United States Navy admiral (1942–2025)

Lee Fredric Gunn (1942 – December 13, 2025) was a Vice Admiral and former Naval Inspector General of the United States Department of the Navy.

==Education and Family==
Gunn earned a Bachelor's degree in Experimental and Physiological Psychology from the University of California, Los Angeles and a Master of Science degree in Operations Research from the Naval Postgraduate School in Monterey, California.

==Naval career==
Commissioned into the United States Navy from the Naval Reserve Officer Training Corps program at the University of California, Los Angeles, Gunn served as a Surface Warfare Officer and rose to command the anti-submarine warfare tactical, test, and evaluation destroyer squadron.

He later commanded Amphibious Group Three (PHIBGRU THREE), consisting of nineteen ships, twelve other, separate commands, and 16,000 sailors and marines. As commander of this force, he also served as the Commander, Combined Naval Forces, and Deputy Task Force Commander of Operation United Shield, the final withdrawal of United Nations peacekeeping forces from Somalia in February and March 1995.

Admiral Gunn served in eight assignments in the areas of manpower, personnel and training. During his last manpower assignment as Deputy Chief of Naval Personnel, and Commander, Navy Personnel Command, he played a key role in redesigning the Navy's manpower and personnel establishment and he orchestrated the transfer of the Navy's Personnel Command from Arlington, Virginia to Millington, Tennessee.

Appointed Naval Inspector General in July 1997, Vice Admiral Gunn instituted the Navy's Operational Cost Management training and evaluation program, and reconfigured Navy's major command management inspection process to teach and evaluate cost management. He retired from active service in August 2000.

==Post-Naval Career==
Immediately after retirement, the Chief of Naval Operations appointed Gunn to lead an executive review of naval training, a nine-month review conducted by a senior team of experts. Gunn has also served as board member of the American Small Business Coalition from 2004 to 2008.
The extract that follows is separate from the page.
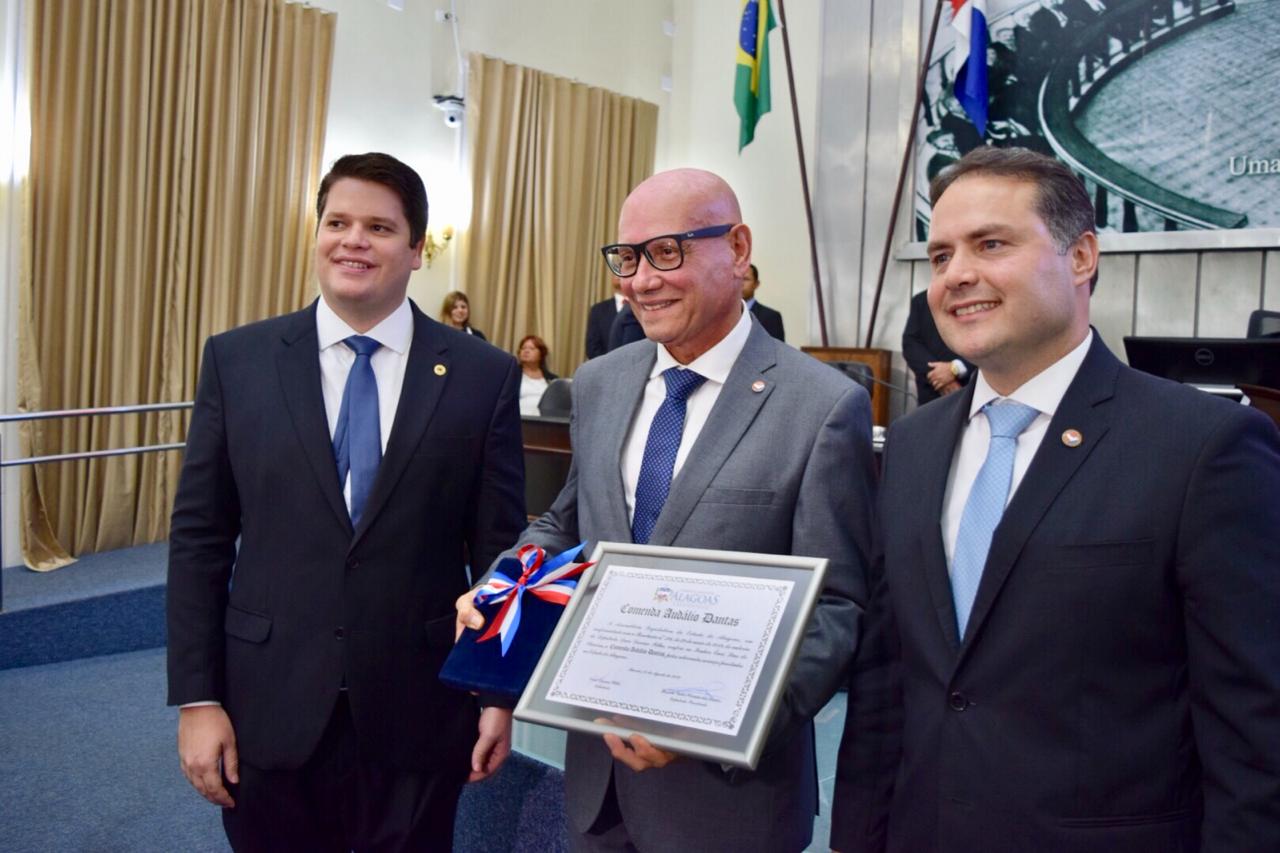 Jornalista Ênio Lins é agraciado com a Comenda Audálio Dantas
President of the American Security Project, a bi-partisan national security think tank in Washington, DC; Chairman of the Board of Advisors to the Presidents of the Naval Postgraduate School in Monterey, CA and the Naval War College in Newport, RI; an advisor to the Global Perspectives Initiative at the University of Central Florida: and a member and Executive Board member of the Surface Navy Association, the professional association of more than 7,000 surface warriors and supporters in the United States Navy. He served as National President of the Surface Navy Association from 2001 to 2006.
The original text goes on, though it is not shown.